● RECORDED INFORMATION
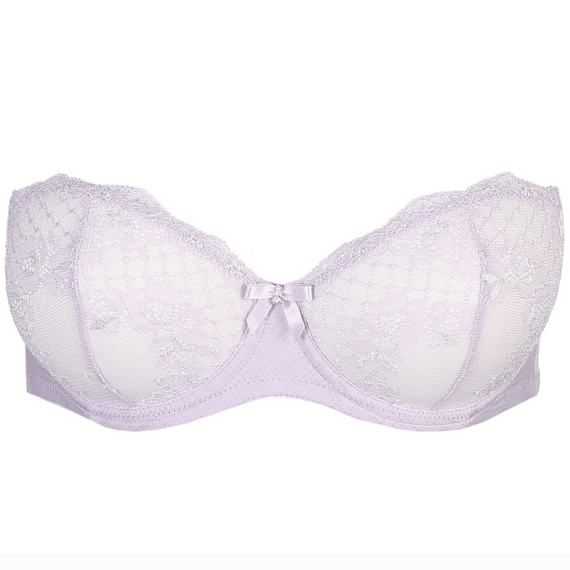 Marie Jo Pearl Strapless BH Orchid Petal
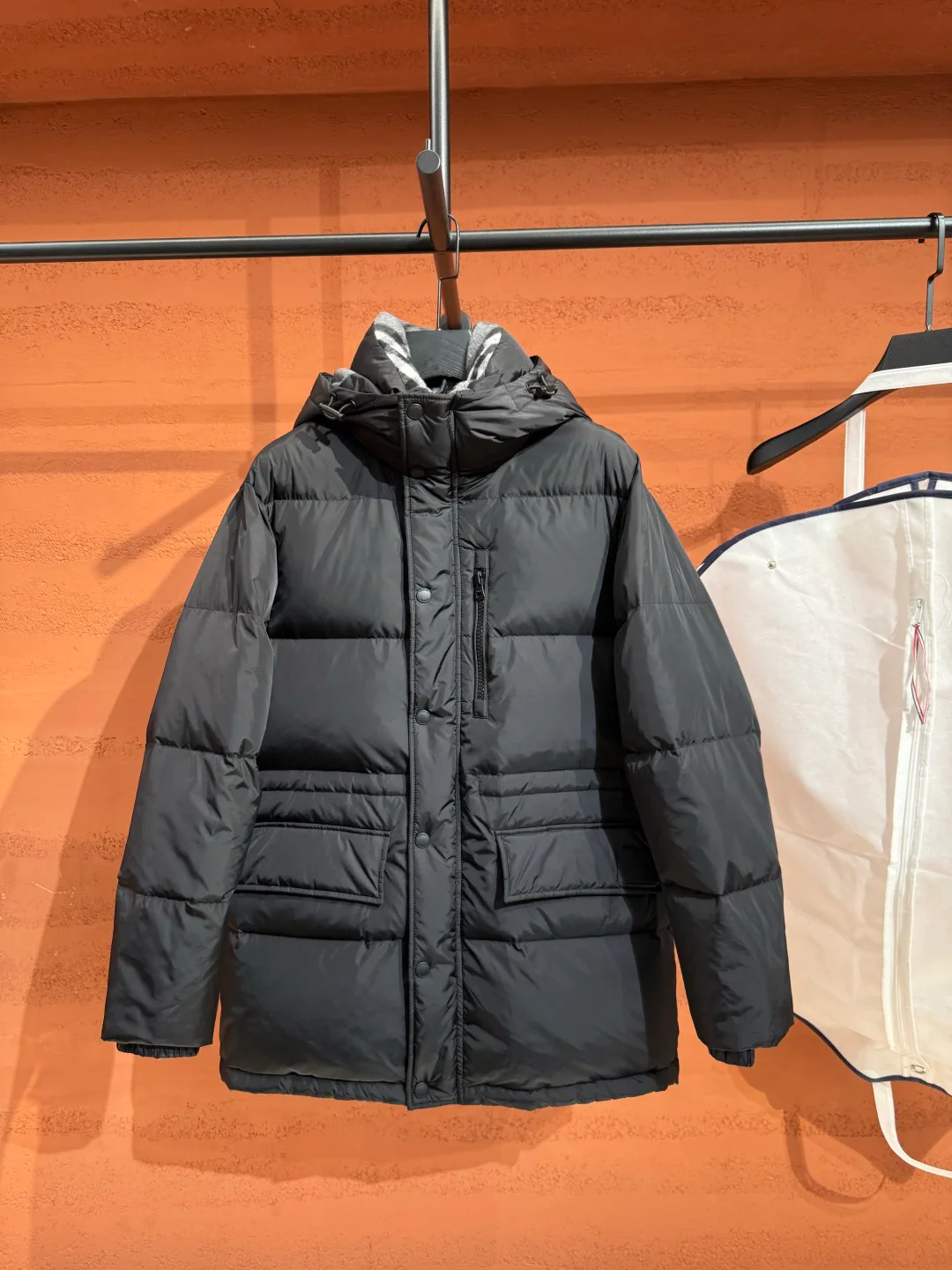 Куртки И Пуховики Женские Burberry 18911113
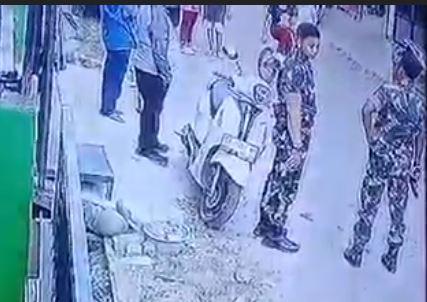 title Kata Kapendam soal Oknum TNI Mengamuk Acungkan Pistol ke Warga di Makassar Kata Kapendam soal Oknum TNI Mengamuk Acungkan Pistol ke Warga di Makassar
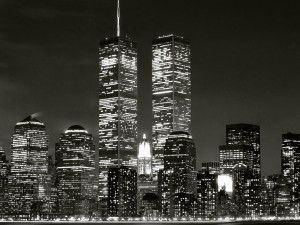 Bylo to šílené, viděli jsme útok i následné zřícení obou dvojčat, vzpomíná na 11. září český fotograf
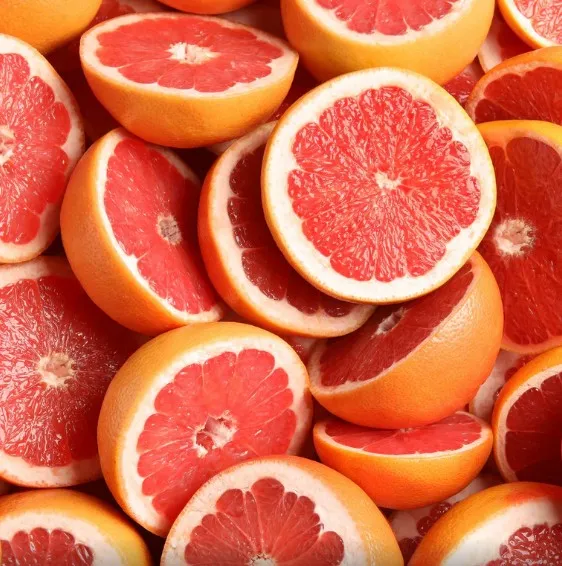 Pink Grapefruit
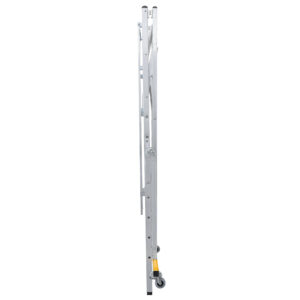 Plattformleiter klappbar und fahrbar 01-102n-100627 für verschiedene Arbeitshöhen MUNK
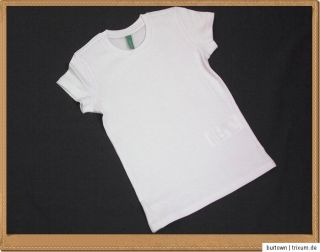UNITED COLORS of BENETTON T Shirt Top Shirt 4 Farben Gr. 9 Monate 12
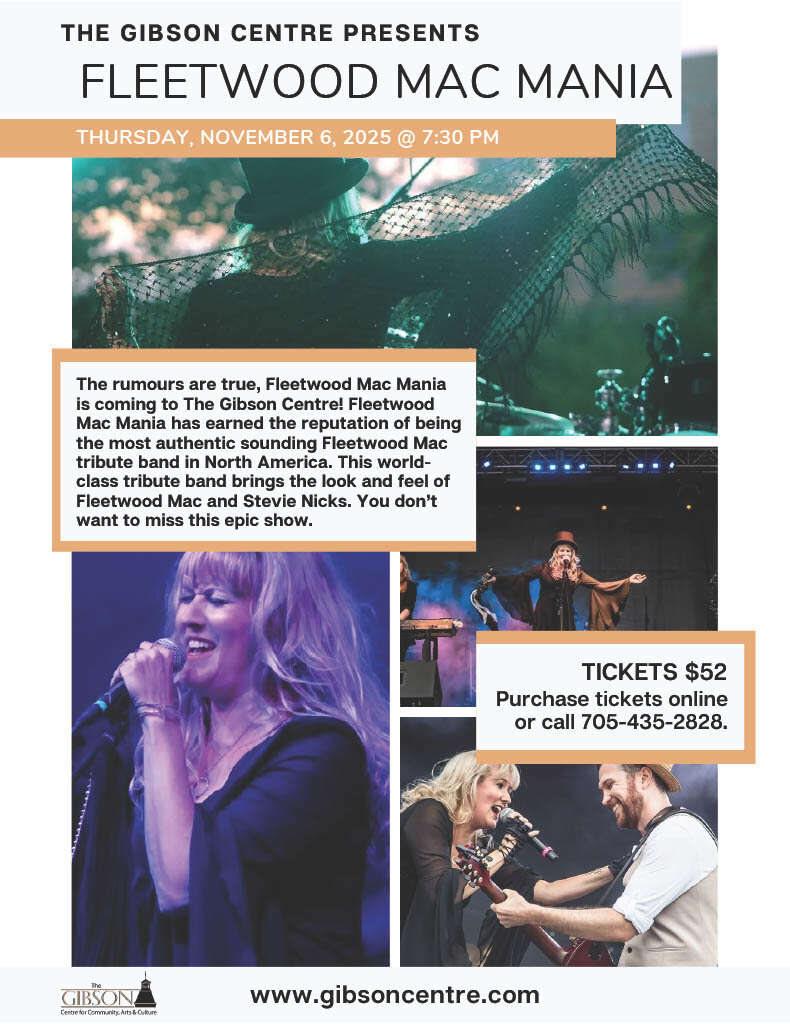 Fleetwood Mac Mania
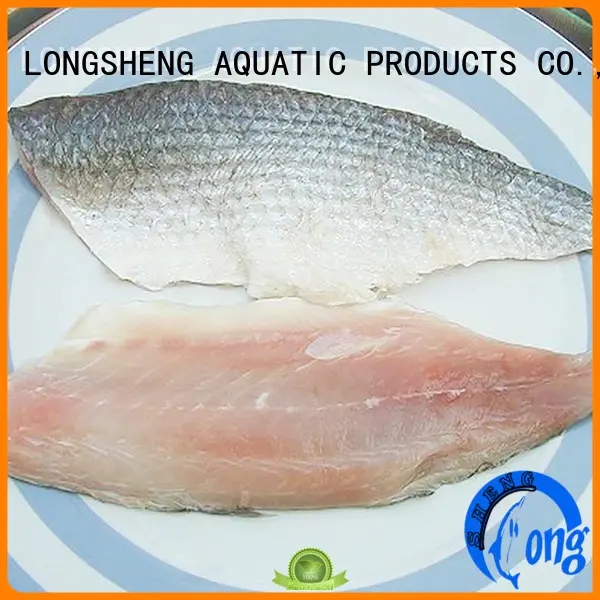 LongSheng Latest frozen mullet fish manufacturers for restaurant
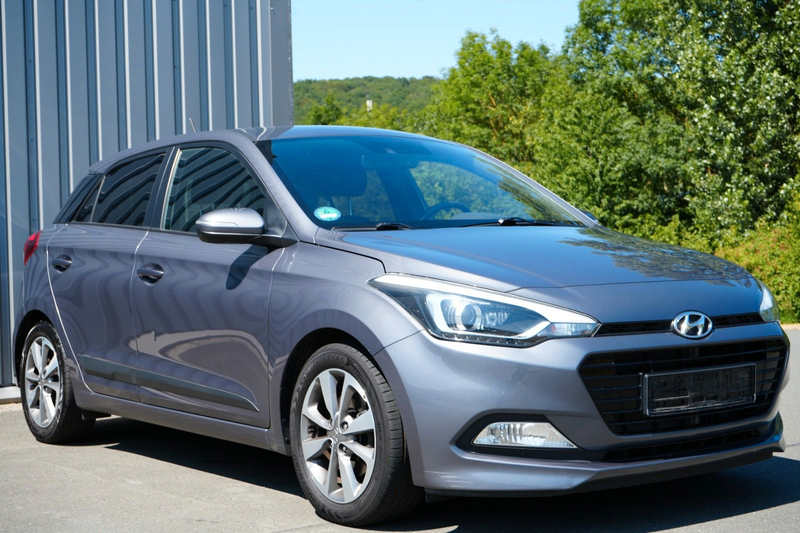 Hyundai i20 1.0 TGDI 2.H./Scheck/WinterPak/Nav/Kamera — photo 4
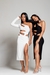 Vestido Montaigne Branco na internet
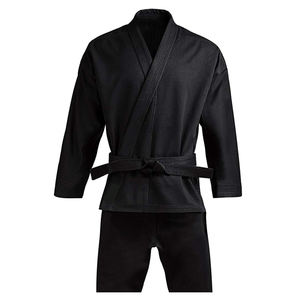 Uniformes de Karate de diseño de alta calidad para artes marciales, uniforme de Karate de Material transpirable a la venta, recién llegado, alta calidad - Product Image 6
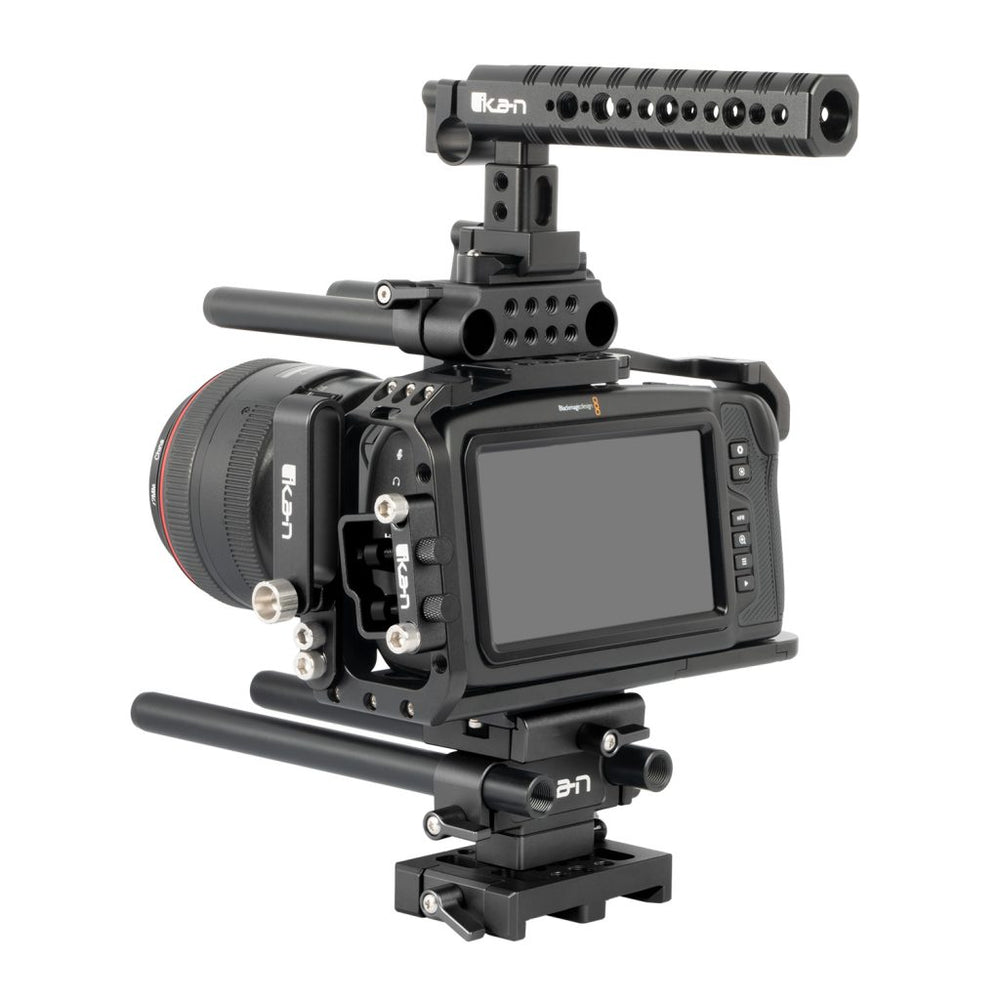 Stratus Complete Cage for the Blackmagic Pocket Cinema Camera 6K & 4K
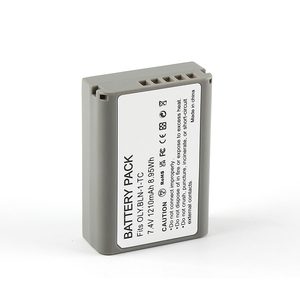 สำหรับ Olympus <span class=keywords><strong>OM</strong></span>-D E-M5 Mark <span class=keywords><strong>II</strong></span> E-<span class=keywords><strong>M1</strong></span> PEN-F EP-5กล้อง BLN-1D อัพเกรดแบตเตอรี่ Type-C ชาร์จโดยตรงอุปกรณ์เสริมแบตเตอรี่กล้อง - Product Image 1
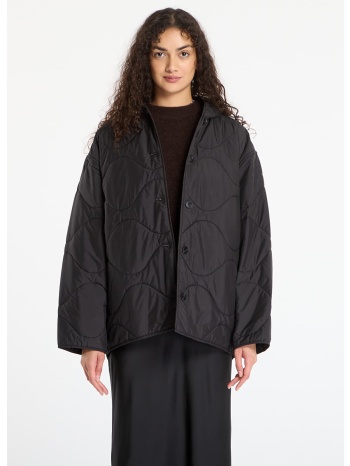 μπουφάν samsøe samsøe sadonna jacket black s σε προσφορά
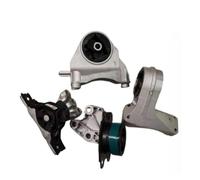 Engine Motor Mount 4PCS Engine Mount for Chevy for Captiva 2007-2010 OEM 96626787 96626809 96626828 96626769 Transmission Mount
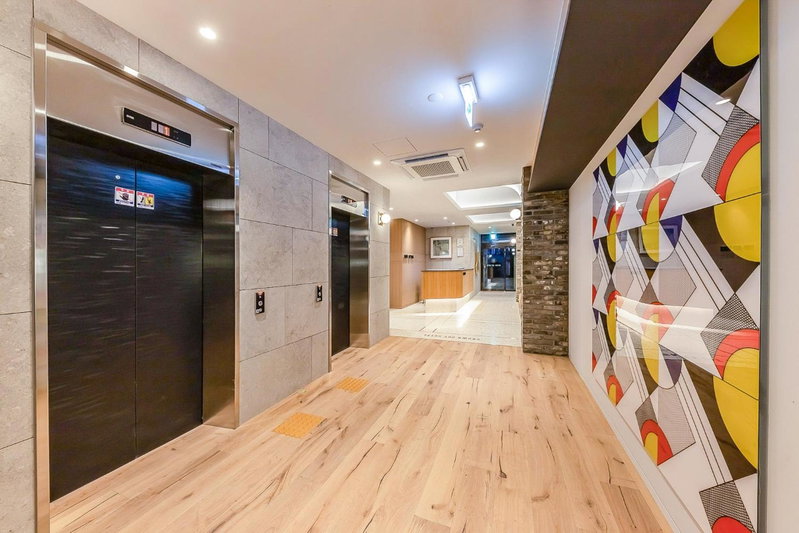Brown-Dot Hotel Ulsan-Sincheon, Ulsan, 대한민국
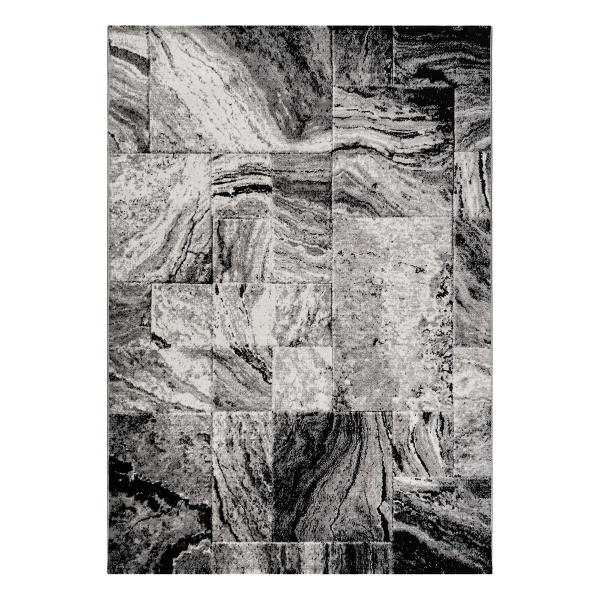 Χαλί (200x290) Polcarpet Estia 9623 Grey 9999991243149 | Spitishop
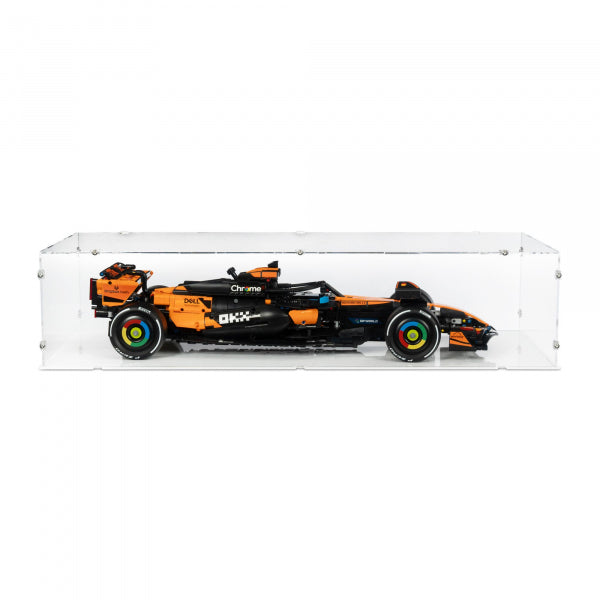42228 McLaren MCL39 F1® Rennwagen - Acryl Vitrine Lego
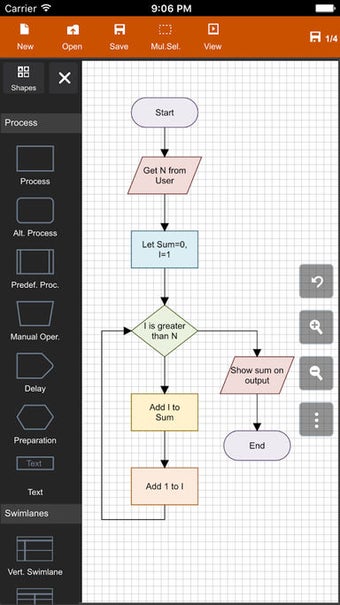 Image 1 for Flowdia Diagrams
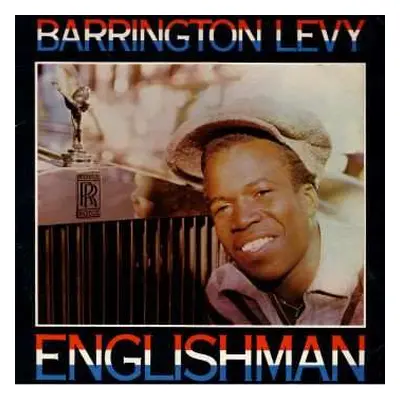 LP Barrington Levy: Englishman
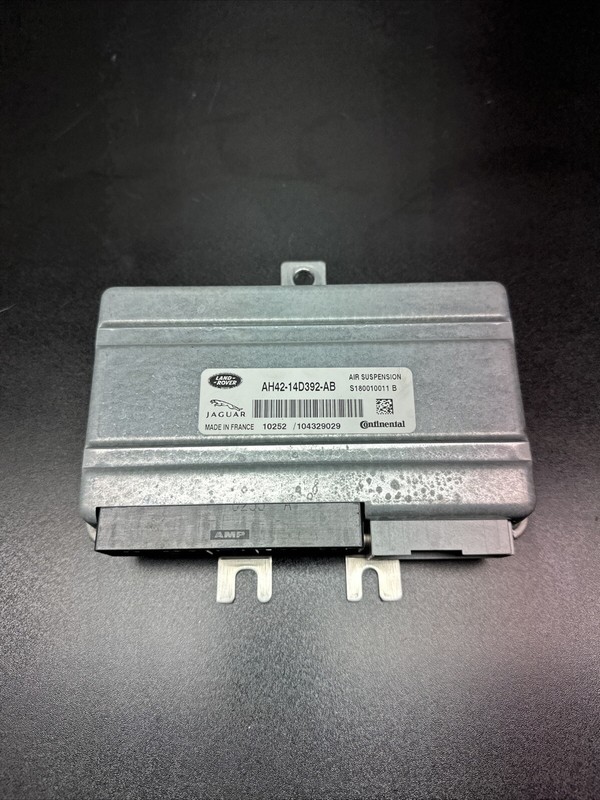 07-16 LAND ROVER10-18 JAGUAR XJ - ACTIVE AIR SUSPENSION CONTROL MODULE OEM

● WHAT IS NEEDED
Return the listing above word for word. Keep the images out.

● COMPLETED EXERCISE
 Marie Jo Pearl Strapless BH Orchid Petal
 Куртки И Пуховики Женские Burberry 18911113
 title Kata Kapendam soal Oknum TNI Mengamuk Acungkan Pistol ke Warga di Makassar Kata Kapendam soal Oknum TNI Mengamuk Acungkan Pistol ke Warga di Makassar
 Bylo to šílené, viděli jsme útok i následné zřícení obou dvojčat, vzpomíná na 11. září český fotograf
 Pink Grapefruit
 Plattformleiter klappbar und fahrbar 01-102n-100627 für verschiedene Arbeitshöhen MUNK
UNITED COLORS of BENETTON T Shirt Top Shirt 4 Farben Gr. 9 Monate 12
 Fleetwood Mac Mania
 LongSheng Latest frozen mullet fish manufacturers for restaurant
 Hyundai i20 1.0 TGDI 2.H./Scheck/WinterPak/Nav/Kamera — photo 4
 Vestido Montaigne Branco na internet
 Uniformes de Karate de diseño de alta calidad para artes marciales, uniforme de Karate de Material transpirable a la venta, recién llegado, alta calidad - Product Image 6
 Stratus Complete Cage for the Blackmagic Pocket Cinema Camera 6K & 4K
 สำหรับ Olympus <span class=keywords><strong>OM</strong></span>-D E-M5 Mark <span class=keywords><strong>II</strong></span> E-<span class=keywords><strong>M1</strong></span> PEN-F EP-5กล้อง BLN-1D อัพเกรดแบตเตอรี่ Type-C ชาร์จโดยตรงอุปกรณ์เสริมแบตเตอรี่กล้อง - Product Image 1
 μπουφάν samsøe samsøe sadonna jacket black s σε προσφορά
 Engine Motor Mount 4PCS Engine Mount for Chevy for Captiva 2007-2010 OEM 96626787 96626809 96626828 96626769 Transmission Mount
Brown-Dot Hotel Ulsan-Sincheon, Ulsan, 대한민국
 Χαλί (200x290) Polcarpet Estia 9623 Grey 9999991243149 | Spitishop
42228 McLaren MCL39 F1® Rennwagen - Acryl Vitrine Lego
 Image 1 for Flowdia Diagrams
 LP Barrington Levy: Englishman
 07-16 LAND ROVER10-18 JAGUAR XJ - ACTIVE AIR SUSPENSION CONTROL MODULE OEM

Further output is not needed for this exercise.